Business management alongside portfolio management. Many managers launching hedge funds are spinning out of large multi-manager platforms where they ran a book but never managed a team, a payroll, or a vendor relationship. As Megan puts it: "Most of these people are coming from big multi-manager platforms or spinning out of a large fund where they've never had to manage people or a business." The ability to do both,  run a portfolio with conviction and build an organization around it, is what separates managers who survive and scale from those who close in years two or three.

Qualitative diligence. Institutional allocators are not just running quantitative analysis on return streams.
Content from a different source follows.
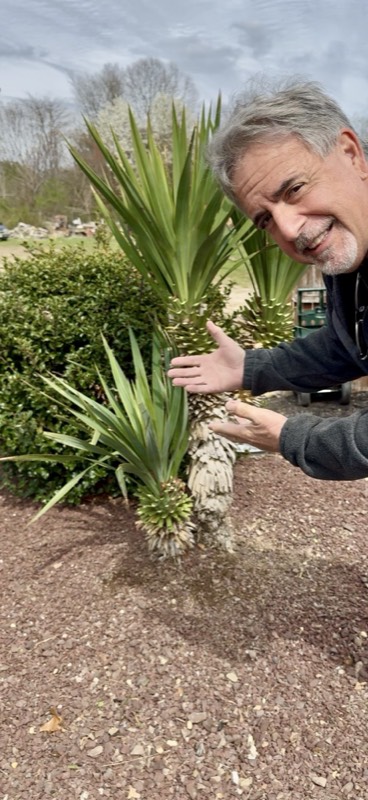 Yucca palms grown in Franklinville, NJ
They are getting to know the person. "Your diligence does not just include quantitative analysis; it's really getting to know these humans who you're putting your trust in and putting your money with." Personality, authenticity, and awareness of where their strategy fits (and does not fit) in an allocator's portfolio matter as much as the numbers.

Differentiation. The manager who cannot explain what makes them different in 20 seconds is not ready to raise. This is not a marketing problem. It is a strategy clarity problem. If the manager cannot articulate their edge, the allocator cannot underwrite it.
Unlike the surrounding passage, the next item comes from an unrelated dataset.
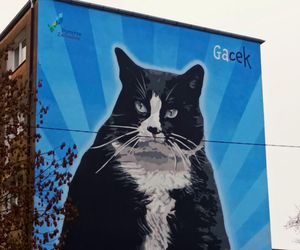 Mural z kotem Gackiem już odsłonięty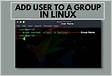 Como adicionar um usuário a um grupo no Linux via termina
Specialization over generalism. The appetite among sophisticated allocators has shifted toward niche, sector-specific managers who have spent years developing an information edge in a narrow space, "something I would never be able to research from the street, that they have been spending years and years on the ground learning and understanding." A generalist long-short equity manager with broad exposure to the S&P is a harder sell than a manager with genuine operator-level knowledge of a specific vertical.

 

The Fund Food Chain: From Friends and Family to Sovereign Wealth

For someone considering launching a hedge fund or trying to understand how capital flows in the space, the progression from early-stage capital to institutional LP looks roughly like this:

Friends and family. The first capital is often personal. The manager's own capital, supplemented by close relationships willing to take early-stage risk with limited track record. This can be as small as a few million dollars.
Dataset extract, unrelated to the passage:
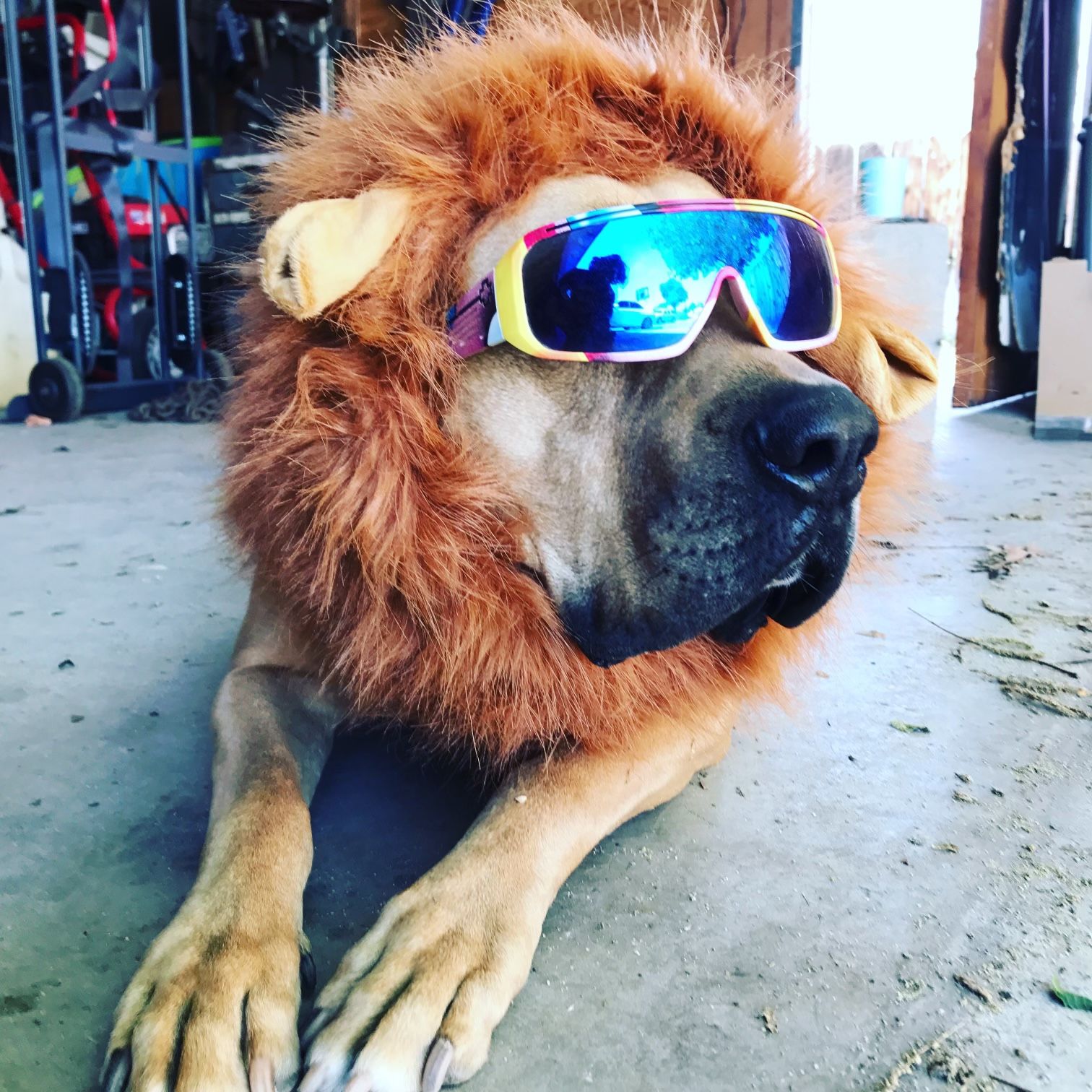 Profile of Scott Grano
Former colleagues and high-net-worth individuals. The second tier is the manager's professional network. Former bosses, former colleagues, HNW individuals who have enough context to evaluate the person rather than just the track record.

Family offices and multi-family offices. Family offices tend to have more risk tolerance than institutional allocators. Their capital was built through concentrated bets, and they often bring that same mindset to hedge fund allocations. They tend to be drawn to niche, specialist managers earlier in the lifecycle. Multi-family offices often have dedicated alternative allocations.

Endowments and fund-of-funds focused on emerging managers. Some endowments maintain specific emerging manager portfolios, with minimum investments that can be as low as $5 million. Fund-of-funds with an emerging manager mandate are another route.

Pensions, sovereign wealth funds, insurance companies. The top of the institutional ladder, slow-moving, process-heavy, brand-conscious, and unlikely to allocate to a manager without a long track record and significant AUM.

The managers who reach the top of this food chain are not necessarily the best investors. They are the managers who can simultaneously run a compelling portfolio, build and manage a team, communicate their edge clearly, and stay consistent across market environments.

 

Starting a Hedge Fund & What Most People Don't Understand About the Business

The romanticized version of launching a hedge fund, $5 million from friends and family, strong early returns, the rest takes care of itself,  exists, but it obscures the full picture.

The realistic version: launching a hedge fund is starting a business before it is starting a fund. There are operational costs before a dollar of performance is generated: legal, compliance, administration, prime brokerage relationships, technology. Managers who underestimate these costs run out of runway before they have enough track record to attract outside capital.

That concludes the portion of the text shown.